Quanto à alegada divergência com o decidido noutro acórdão do T.C.A. Sul, dir-se-á, de uma via, que não é a circunstância de se invocar uma decisão divergente com aquela de que se pretende recorrer, que justifica a admissão do recurso de revista excepcional, dispensando a verificação dos requisitos do artº. 150º nº 1 do C.P.T.A.. De outra via, tal como as instâncias deixaram referido, as situações analisadas nos dois processos não eram coincidentes, o que teria determinado um diferente tratamento jurídico.
Acresce que, não se detecta a existência de erro manifesto ou grosseiro na decisão do acórdão recorrido, no mesmo sentido da decisão do T.A.F. de Sintra.
3. Nos termos e pelas razões expostas, acordam em admitir a revista.
Custas pela Recorrente.
Lisboa, 22 de Setembro de 2010. - Maria Angelina Domingues (relatora) - Rosendo Dias José - José Manuel da Silva Santos Botelho.
Segue Acórdão rectificativo de 30 de Setembro de 2010
Acordam em conferência na secção do contencioso administrativo do Supremo Tribunal Administrativo
1. Por acórdão desta formação de juízes deste S.T.A., de 22.9.2010, foi apreciado o pedido de admissão do recurso de revista excepcional formulado por A…, no processo à margem referenciado.
No ponto 3 do aludido aresto escreveu-se:
«Nos termos e pelas razões expostas, acordam em admitir a revista»
Todavia, é patente que aí se cometeu um lapso manifesto, ao escrever-se “acordam em admitir a revista” em vez de “acordam em não admitir a revista”.
Com efeito, no ponto 2.2. do mesmo aresto, deixou-se escrito que se entendia não se verificarem os pressupostos de admissão do recurso de revista, justificando-se as razões desse entendimento.
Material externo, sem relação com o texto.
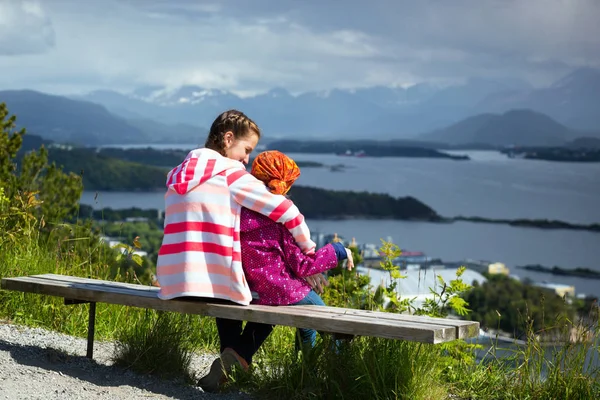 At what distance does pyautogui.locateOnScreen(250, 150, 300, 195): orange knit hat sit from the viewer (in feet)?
10.6

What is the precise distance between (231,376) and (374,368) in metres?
0.68

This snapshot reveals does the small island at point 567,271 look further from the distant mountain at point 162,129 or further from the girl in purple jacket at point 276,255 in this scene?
the girl in purple jacket at point 276,255

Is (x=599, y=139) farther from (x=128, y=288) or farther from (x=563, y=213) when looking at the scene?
(x=128, y=288)

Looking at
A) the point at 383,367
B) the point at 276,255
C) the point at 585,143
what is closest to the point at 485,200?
the point at 585,143

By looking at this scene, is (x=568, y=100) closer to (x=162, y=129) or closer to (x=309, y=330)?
(x=162, y=129)

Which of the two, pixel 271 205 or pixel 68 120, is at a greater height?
pixel 68 120

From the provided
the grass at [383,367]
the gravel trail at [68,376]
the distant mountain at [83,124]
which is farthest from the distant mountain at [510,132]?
the gravel trail at [68,376]

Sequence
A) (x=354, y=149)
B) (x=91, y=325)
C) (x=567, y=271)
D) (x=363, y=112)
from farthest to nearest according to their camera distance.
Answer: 1. (x=363, y=112)
2. (x=354, y=149)
3. (x=567, y=271)
4. (x=91, y=325)

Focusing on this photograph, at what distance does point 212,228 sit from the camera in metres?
3.23

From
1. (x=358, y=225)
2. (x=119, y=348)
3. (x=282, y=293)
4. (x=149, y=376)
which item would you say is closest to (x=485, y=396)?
(x=282, y=293)

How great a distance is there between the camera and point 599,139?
7950 centimetres

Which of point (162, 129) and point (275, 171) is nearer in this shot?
point (275, 171)

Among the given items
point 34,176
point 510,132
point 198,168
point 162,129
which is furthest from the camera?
point 162,129

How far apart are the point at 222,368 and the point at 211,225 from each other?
0.63 meters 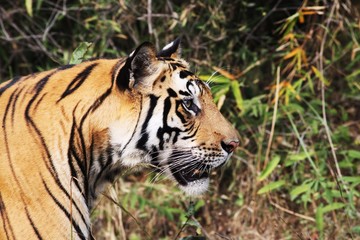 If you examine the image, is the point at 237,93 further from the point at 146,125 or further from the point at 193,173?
the point at 146,125

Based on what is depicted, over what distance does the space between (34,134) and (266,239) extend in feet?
7.22

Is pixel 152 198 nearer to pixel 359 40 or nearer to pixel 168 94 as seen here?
pixel 359 40

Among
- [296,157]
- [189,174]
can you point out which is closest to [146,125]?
[189,174]

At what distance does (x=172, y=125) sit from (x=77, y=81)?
0.41 meters

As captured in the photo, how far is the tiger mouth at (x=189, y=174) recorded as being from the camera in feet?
10.7

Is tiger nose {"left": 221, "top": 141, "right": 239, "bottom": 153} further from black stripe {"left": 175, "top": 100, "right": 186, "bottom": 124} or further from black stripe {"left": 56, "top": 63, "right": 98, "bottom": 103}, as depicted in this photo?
black stripe {"left": 56, "top": 63, "right": 98, "bottom": 103}

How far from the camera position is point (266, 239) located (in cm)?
476

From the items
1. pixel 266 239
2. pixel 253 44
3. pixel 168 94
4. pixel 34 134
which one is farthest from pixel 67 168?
pixel 253 44

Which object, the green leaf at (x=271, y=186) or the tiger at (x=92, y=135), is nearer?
the tiger at (x=92, y=135)

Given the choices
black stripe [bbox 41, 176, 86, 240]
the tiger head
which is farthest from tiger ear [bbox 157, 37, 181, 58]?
black stripe [bbox 41, 176, 86, 240]

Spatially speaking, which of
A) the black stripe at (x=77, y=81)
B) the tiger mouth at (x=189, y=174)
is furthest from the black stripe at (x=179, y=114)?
the black stripe at (x=77, y=81)

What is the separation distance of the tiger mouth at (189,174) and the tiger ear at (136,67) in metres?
0.43

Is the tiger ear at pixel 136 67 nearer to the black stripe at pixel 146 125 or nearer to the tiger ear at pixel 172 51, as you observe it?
the black stripe at pixel 146 125

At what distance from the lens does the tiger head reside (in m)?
3.02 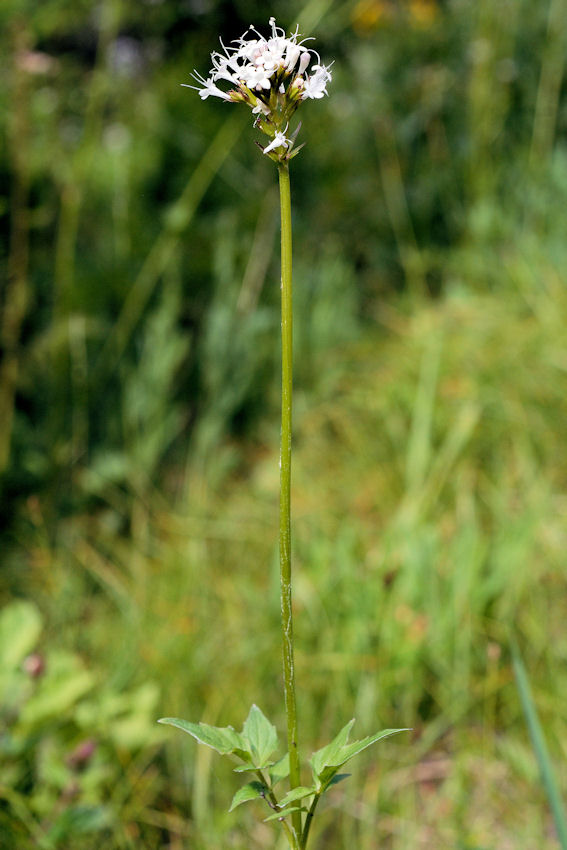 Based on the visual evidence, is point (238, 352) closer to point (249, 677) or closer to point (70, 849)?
point (249, 677)

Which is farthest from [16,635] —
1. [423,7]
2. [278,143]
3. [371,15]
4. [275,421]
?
[423,7]

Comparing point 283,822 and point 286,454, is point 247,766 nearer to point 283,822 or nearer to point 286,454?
point 283,822

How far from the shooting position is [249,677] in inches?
56.7

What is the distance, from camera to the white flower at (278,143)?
56 cm

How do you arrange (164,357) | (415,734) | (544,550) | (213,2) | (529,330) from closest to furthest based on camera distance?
(415,734) → (544,550) → (164,357) → (529,330) → (213,2)

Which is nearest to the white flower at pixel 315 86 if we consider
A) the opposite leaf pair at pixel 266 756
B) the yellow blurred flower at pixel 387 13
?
the opposite leaf pair at pixel 266 756

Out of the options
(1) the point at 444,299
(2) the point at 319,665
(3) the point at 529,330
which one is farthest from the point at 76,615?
(1) the point at 444,299

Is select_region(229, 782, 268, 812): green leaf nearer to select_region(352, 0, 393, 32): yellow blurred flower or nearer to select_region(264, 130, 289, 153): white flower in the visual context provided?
select_region(264, 130, 289, 153): white flower

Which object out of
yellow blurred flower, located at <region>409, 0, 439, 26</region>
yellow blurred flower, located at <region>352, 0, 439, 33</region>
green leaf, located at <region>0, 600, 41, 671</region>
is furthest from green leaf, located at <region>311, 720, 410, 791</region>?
yellow blurred flower, located at <region>409, 0, 439, 26</region>

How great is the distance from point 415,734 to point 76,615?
2.25 ft

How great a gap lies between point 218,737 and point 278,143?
465 mm

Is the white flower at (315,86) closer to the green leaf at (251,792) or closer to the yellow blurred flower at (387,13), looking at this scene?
the green leaf at (251,792)

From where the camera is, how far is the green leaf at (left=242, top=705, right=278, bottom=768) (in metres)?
0.70

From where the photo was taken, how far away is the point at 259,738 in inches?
28.1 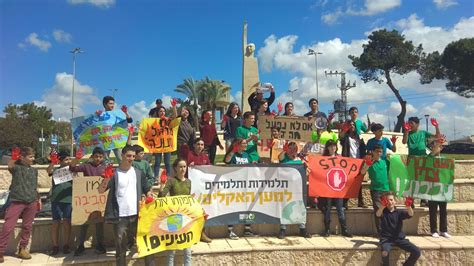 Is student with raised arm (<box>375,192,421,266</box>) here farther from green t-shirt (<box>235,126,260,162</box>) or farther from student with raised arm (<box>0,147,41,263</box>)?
student with raised arm (<box>0,147,41,263</box>)

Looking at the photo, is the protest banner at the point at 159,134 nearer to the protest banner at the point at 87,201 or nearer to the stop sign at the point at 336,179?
the protest banner at the point at 87,201

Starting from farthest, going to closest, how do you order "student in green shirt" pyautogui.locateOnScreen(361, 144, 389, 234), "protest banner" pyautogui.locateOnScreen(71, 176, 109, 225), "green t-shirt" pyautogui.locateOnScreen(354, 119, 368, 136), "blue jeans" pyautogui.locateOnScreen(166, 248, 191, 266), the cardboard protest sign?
"green t-shirt" pyautogui.locateOnScreen(354, 119, 368, 136) < the cardboard protest sign < "student in green shirt" pyautogui.locateOnScreen(361, 144, 389, 234) < "protest banner" pyautogui.locateOnScreen(71, 176, 109, 225) < "blue jeans" pyautogui.locateOnScreen(166, 248, 191, 266)

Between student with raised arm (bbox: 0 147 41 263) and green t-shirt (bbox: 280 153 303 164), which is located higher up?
green t-shirt (bbox: 280 153 303 164)

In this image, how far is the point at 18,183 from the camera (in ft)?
19.3

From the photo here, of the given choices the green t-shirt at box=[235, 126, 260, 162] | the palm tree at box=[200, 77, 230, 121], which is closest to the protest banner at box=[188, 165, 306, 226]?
the green t-shirt at box=[235, 126, 260, 162]

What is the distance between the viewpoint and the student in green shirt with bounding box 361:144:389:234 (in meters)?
6.94

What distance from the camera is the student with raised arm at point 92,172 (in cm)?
607

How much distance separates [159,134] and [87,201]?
2.62 metres

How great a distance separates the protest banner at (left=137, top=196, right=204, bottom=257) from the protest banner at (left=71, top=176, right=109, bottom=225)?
96cm

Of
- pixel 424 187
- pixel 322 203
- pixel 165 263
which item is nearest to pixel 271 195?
pixel 322 203

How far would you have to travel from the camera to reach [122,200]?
547 centimetres

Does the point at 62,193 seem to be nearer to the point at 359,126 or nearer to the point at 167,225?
the point at 167,225

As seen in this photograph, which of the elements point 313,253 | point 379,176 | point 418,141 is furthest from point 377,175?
point 313,253

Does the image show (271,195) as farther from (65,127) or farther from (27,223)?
(65,127) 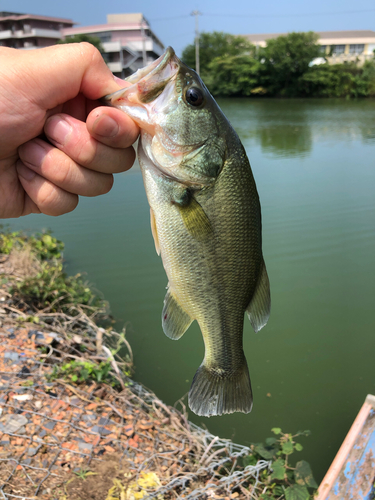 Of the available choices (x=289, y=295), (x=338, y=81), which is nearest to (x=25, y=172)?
(x=289, y=295)

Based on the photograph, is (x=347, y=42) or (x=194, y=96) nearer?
(x=194, y=96)

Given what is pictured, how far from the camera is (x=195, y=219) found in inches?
54.9

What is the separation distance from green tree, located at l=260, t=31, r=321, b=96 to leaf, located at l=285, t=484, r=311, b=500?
48.0m

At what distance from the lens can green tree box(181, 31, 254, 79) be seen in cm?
6187

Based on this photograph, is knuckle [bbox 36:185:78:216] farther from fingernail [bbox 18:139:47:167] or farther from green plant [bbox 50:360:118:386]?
green plant [bbox 50:360:118:386]

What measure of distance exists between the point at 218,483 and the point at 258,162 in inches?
491

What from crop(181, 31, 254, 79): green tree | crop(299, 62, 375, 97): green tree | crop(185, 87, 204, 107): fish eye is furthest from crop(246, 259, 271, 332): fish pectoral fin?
crop(181, 31, 254, 79): green tree

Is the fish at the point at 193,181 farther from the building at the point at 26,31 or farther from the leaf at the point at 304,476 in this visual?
the building at the point at 26,31

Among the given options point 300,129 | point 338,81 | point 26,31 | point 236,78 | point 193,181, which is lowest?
A: point 236,78

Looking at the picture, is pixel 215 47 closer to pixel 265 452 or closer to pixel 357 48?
pixel 357 48

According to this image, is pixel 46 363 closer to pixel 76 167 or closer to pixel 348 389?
pixel 76 167

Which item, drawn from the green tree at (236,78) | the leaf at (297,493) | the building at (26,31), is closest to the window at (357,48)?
the green tree at (236,78)

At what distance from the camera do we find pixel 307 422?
4258 millimetres

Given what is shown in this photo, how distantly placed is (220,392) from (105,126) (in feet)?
3.97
Nos termos do preceituado no artº. 667º do C. P. Civil é lícito ao juiz corrigir oficiosamente, nomeadamente, erros de escrita ou qualquer inexactidão devida a lapso manifesto.
Cumpre, pois, corrigir a aludida deficiência, ao abrigo do disposto no artº. 667º do C.P.C., da seguinte forma:
Onde no ponto 3. do acórdão de 22.9.2010 se escreveu: “acordam em admitir a revista” deverá constar “acordam em não admitir a revista”.
2. Nos termos e pelas razões expostas, acordam:
Corrigir o lapso manifesto do ponto 3. do acórdão de fls. 387 e segs, devendo passar a constar “acordam em não admitir a revista” em vez de, conforme se escreveu, “acordam em admitir a revista”.
Sem custas.
Lisboa, 30 de Setembro de 2010. - Maria Angelina Domingues (relatora) - Rosendo Dias José – José Manuel da Silva Santos Botelho.